Task item - Please copy the lines below, exactly as they are, from the one with "Miroslava Duma assiste" through the one with "Kalmar, Sweden - March", and leave out the pictures.

■ ■ ■

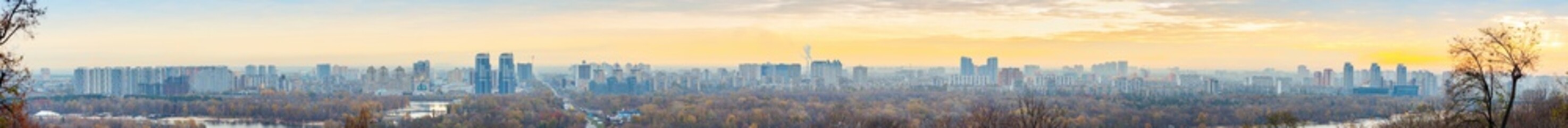 Fototapeta na wymiar Panorama of Kyiv city and Dnipro river at sunrise in dawn, panoramic view to the colorful autumn cityscape in the morning, Ukraine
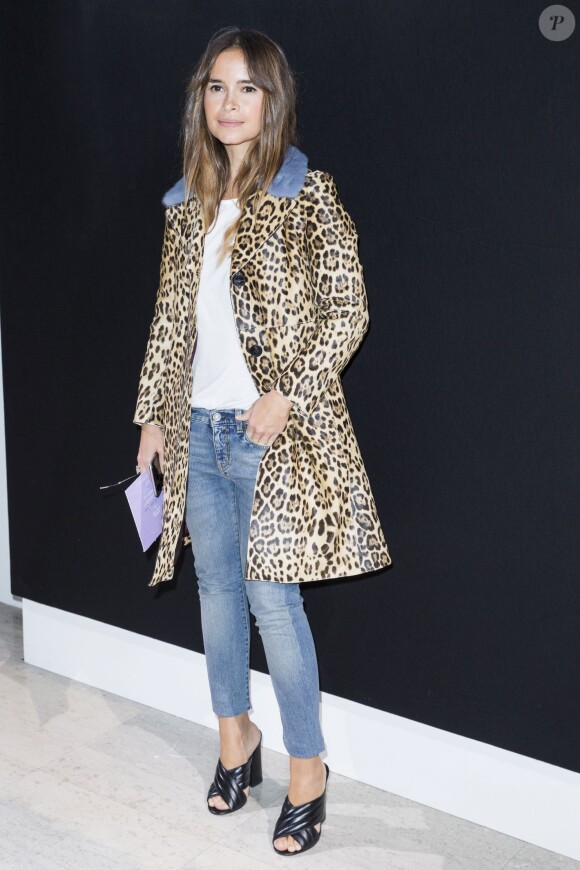 Miroslava Duma assiste au défilé Giorgio Armani Privé (Haute Couture printemps-été 2016) au Palais de Tokyo, habillée d'un manteau léopard à col en fourrure Valentino, d'un top blanc, d'un jean et de sandales Gucci. Paris, le 26 janvier 2016.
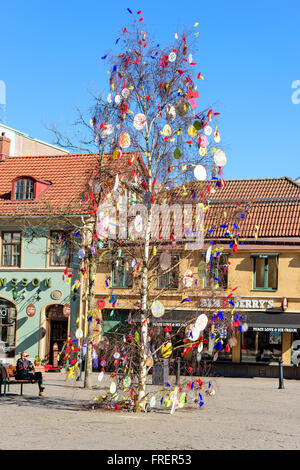 Kalmar, Sweden - March 17, 2016: A birch tree has been decorated with feathers and paper eggs and placed on a town square to cel Stock Photo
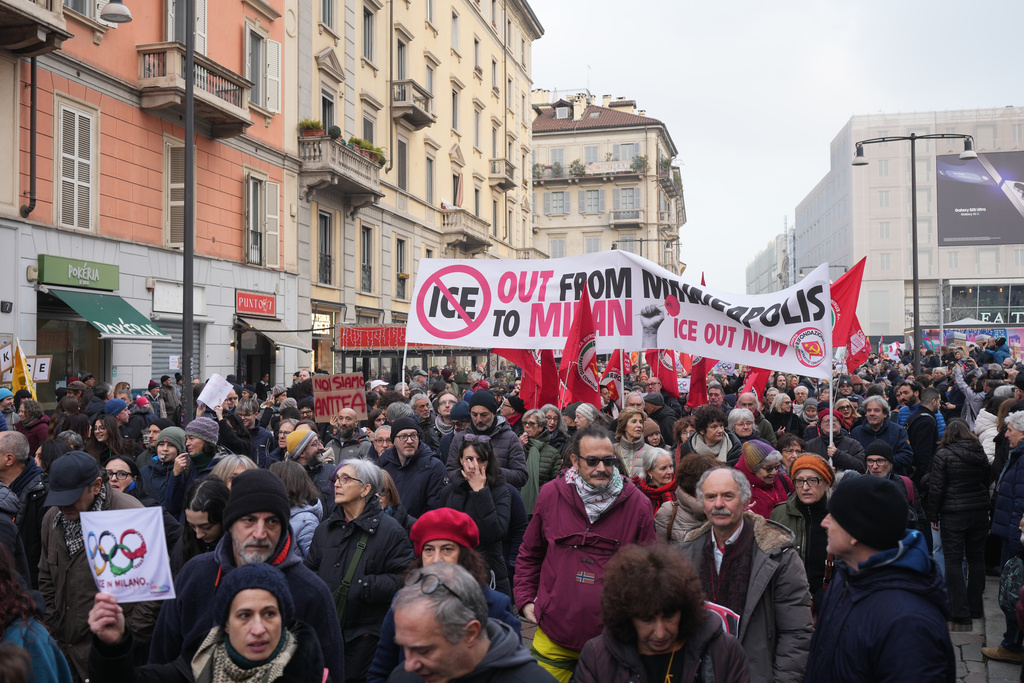 People take part in an Anti-ICE demonstration, ahead of the 2026 Winter Olympics, in Milan, Italy, Saturday, Jan. 31, 2026. (AP Photo/Antonio Calanni)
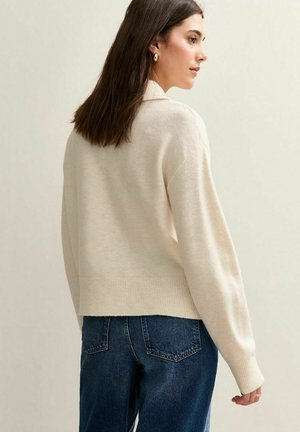Vrouw met lang bruin haar, draagt gouden hoopoorbellen, een crème trui en blauwe jeans, iets naar rechts gedraaid tegen een effen achtergrond.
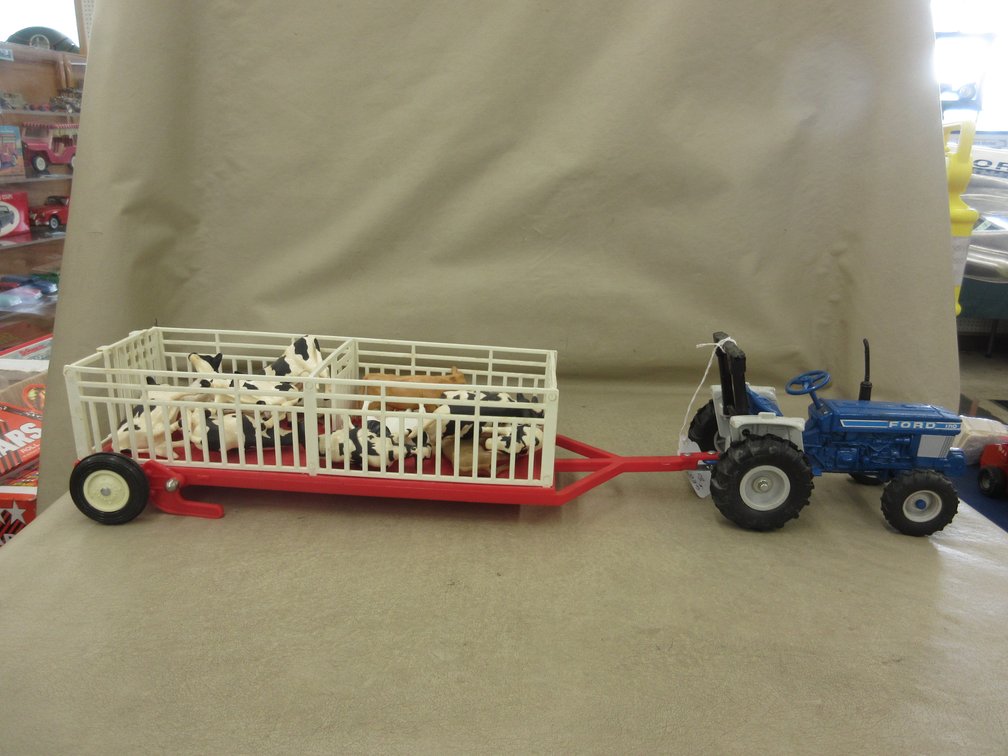 Ertl die cast Ford 1710 tractor with Scale Models 16"L trailer full of cows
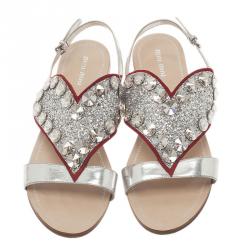 Pre Owned صندل ميو ميو جلد فضي ميتالك بقلب براق فلات مقاس 38.5
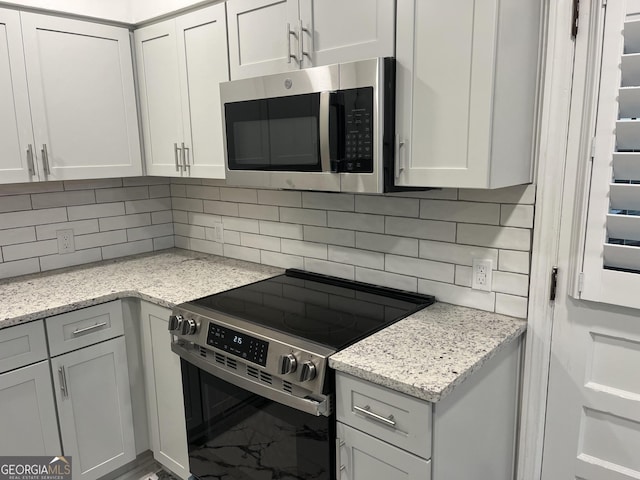 1858 Sahara Dr SE, Atlanta, GA 30316 - kitchen featuring appliances with stainless steel finishes, decorative backsplash, marble look tiles, light stone countertops, and white cabinets
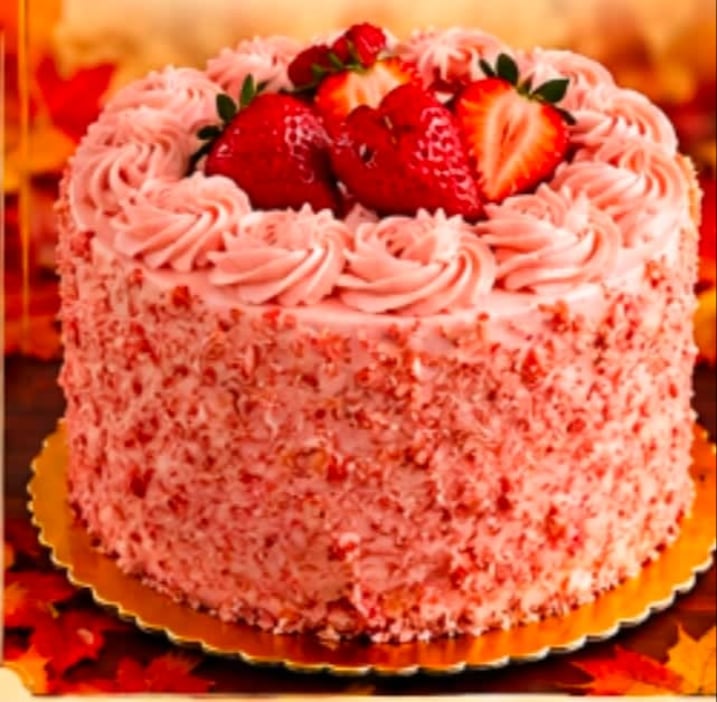 A strawberry cake with piped frosting and fresh berries on a decorative plate.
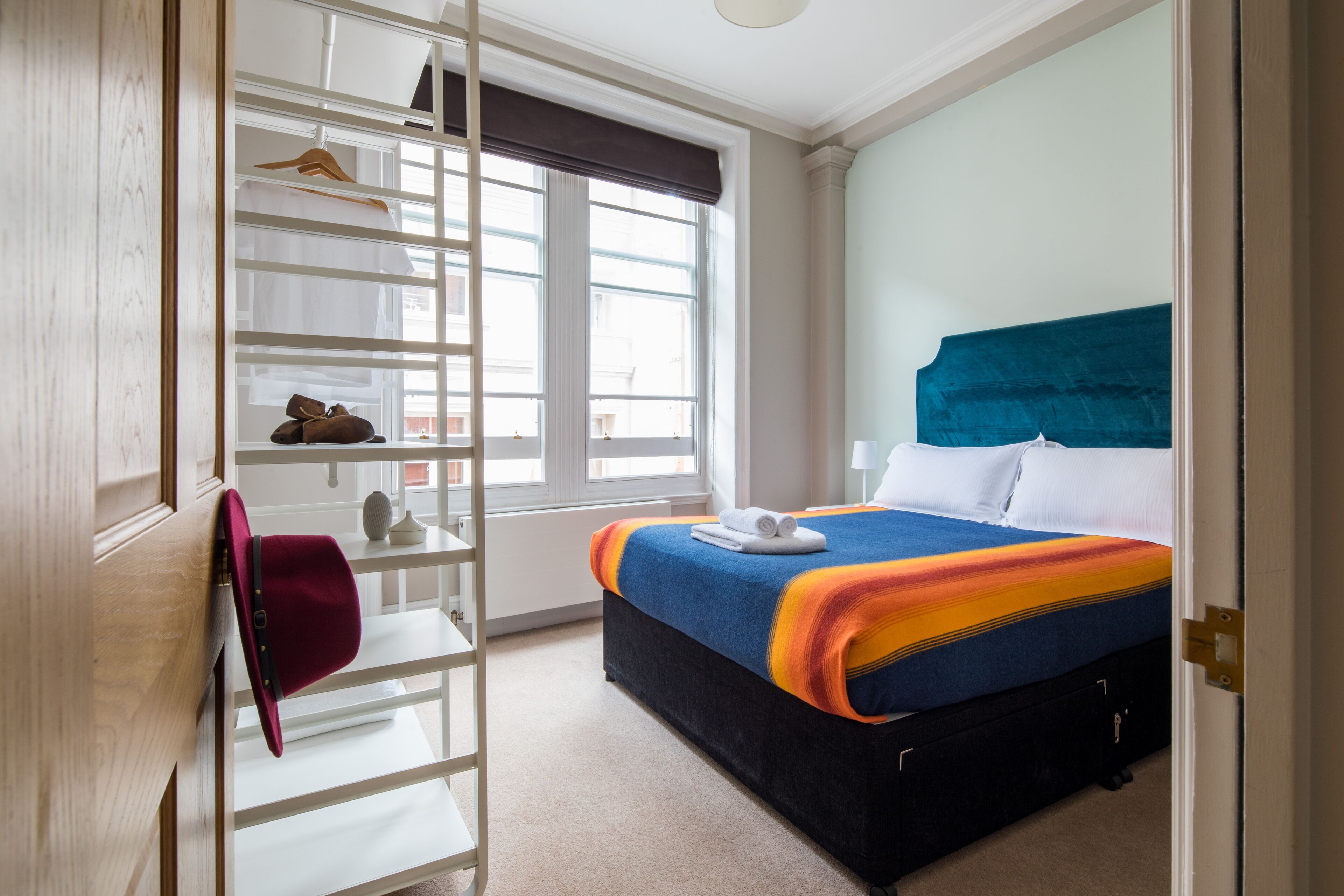 A bedroom with a bed, a window with blinds, a wardrobe, and a shoe rack.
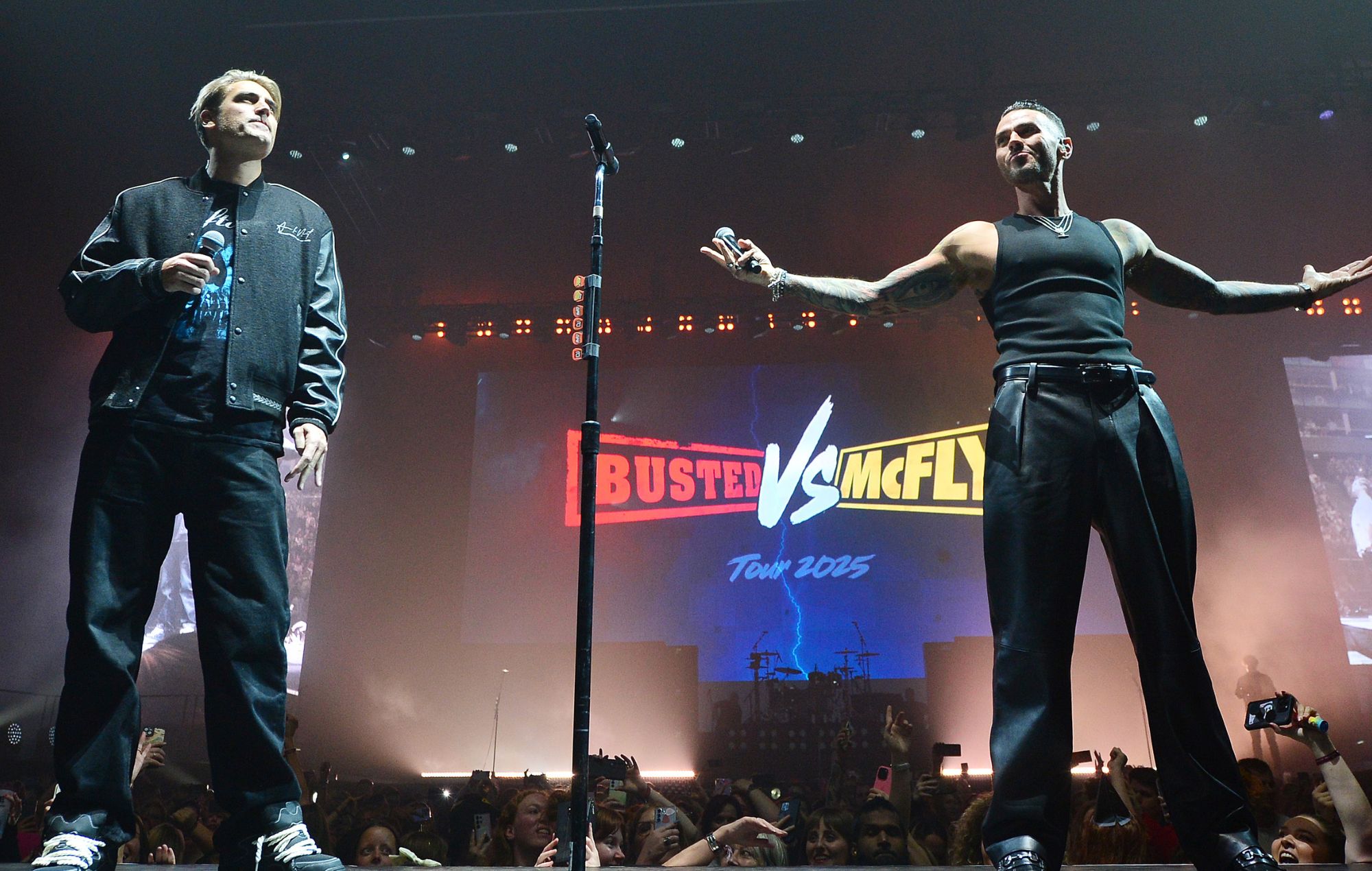 Busted storm the stage, during McFly's 21st Birthday show, to announce a 'Busted vs McFly' tour.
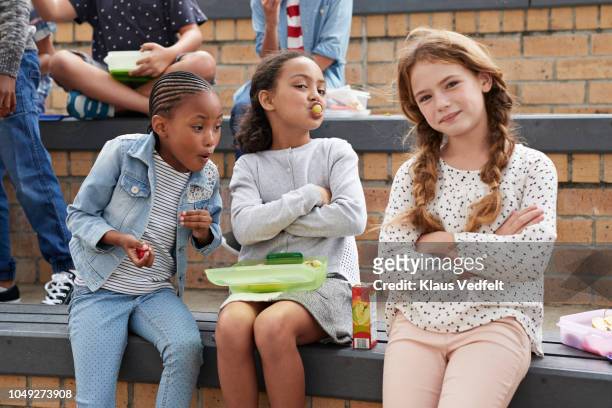 school children having lunch together outside the building - friend mischief stock-fotos und bilder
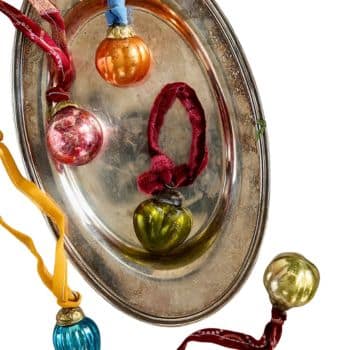 Small vintage-style glass Christmas ornaments in orange, pink, green, blue, and gold.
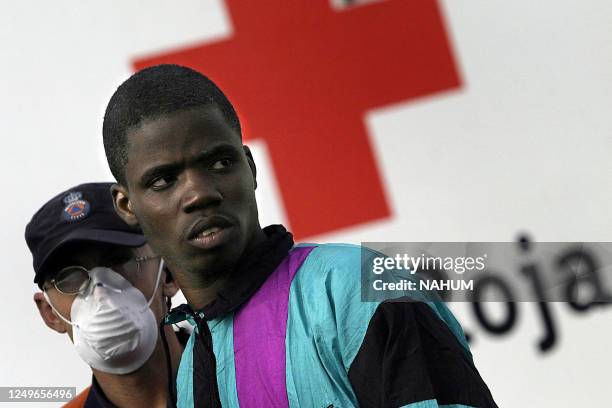 An illegal immigrant stands by a Red Cross tent with 43 others at Puerto de Los Cristianos on the island of Tenerife after being picked up by coast...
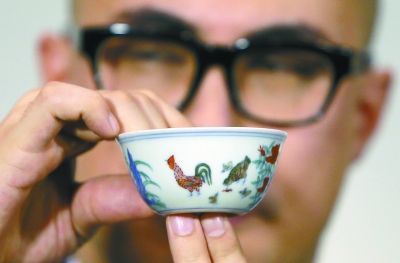   4月8日，苏富比亚洲区副主席仇国仕在拍卖结束后向记者展示成交价高达2.8124亿港币的明成化斗彩鸡缸杯。新华社发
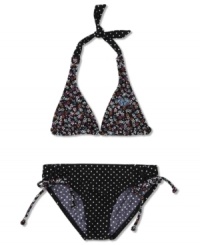 Sunny style. Give her look a fun turn with this print halter top and bottoms two-piece swimsuit from Roxy. Sunny style. Give her look a fun turn with this print halter top and bottoms two-piece swimsuit from Roxy.
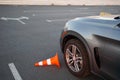 Front Wheel of Learner Car Touching Traffic Cone on Practice Course. Royalty Free Stock Photo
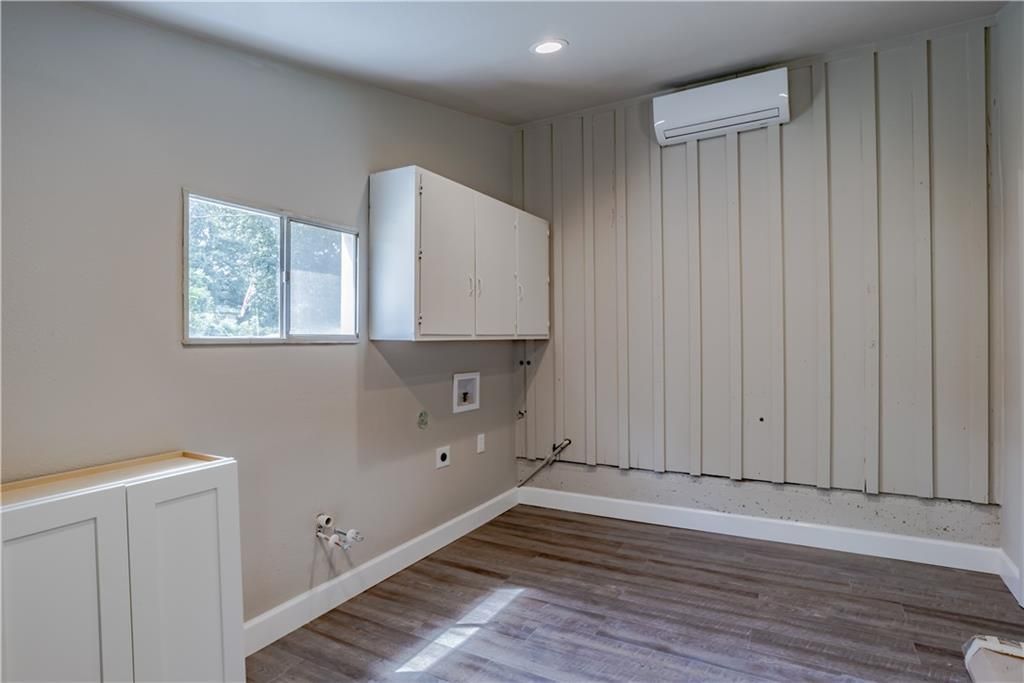 An empty room with a washer and dryer and a window.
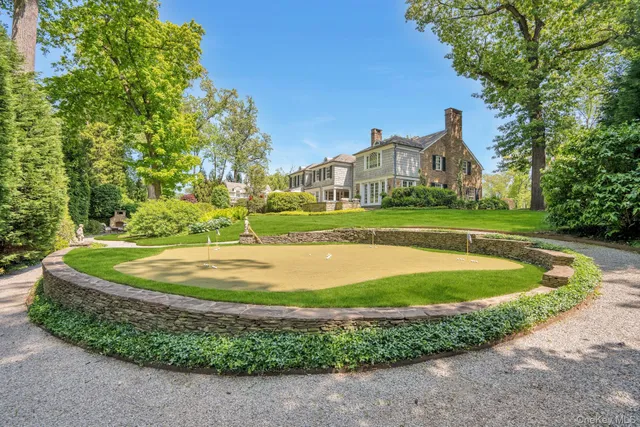 an aerial view of a house with a yard and outdoor seating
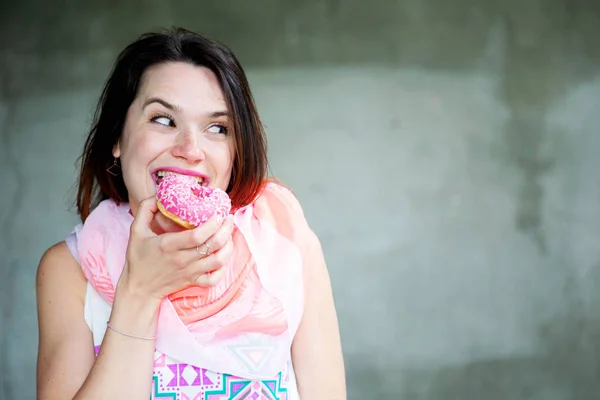 Mladá bruneta žena jíst koblihy — Stock fotografie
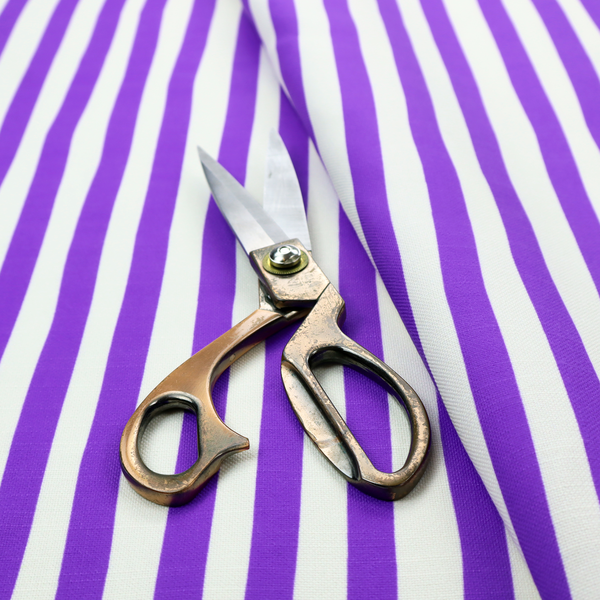 A white fabric patterned with vertical, hand-drawn purple stripes that feature a slight, organic waviness.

■ ■ ■

Response for this exercise -
 Miroslava Duma assiste au défilé Giorgio Armani Privé (Haute Couture printemps-été 2016) au Palais de Tokyo, habillée d'un manteau léopard à col en fourrure Valentino, d'un top blanc, d'un jean et de sandales Gucci. Paris, le 26 janvier 2016.
 Kalmar, Sweden - March 17, 2016: A birch tree has been decorated with feathers and paper eggs and placed on a town square to cel Stock Photo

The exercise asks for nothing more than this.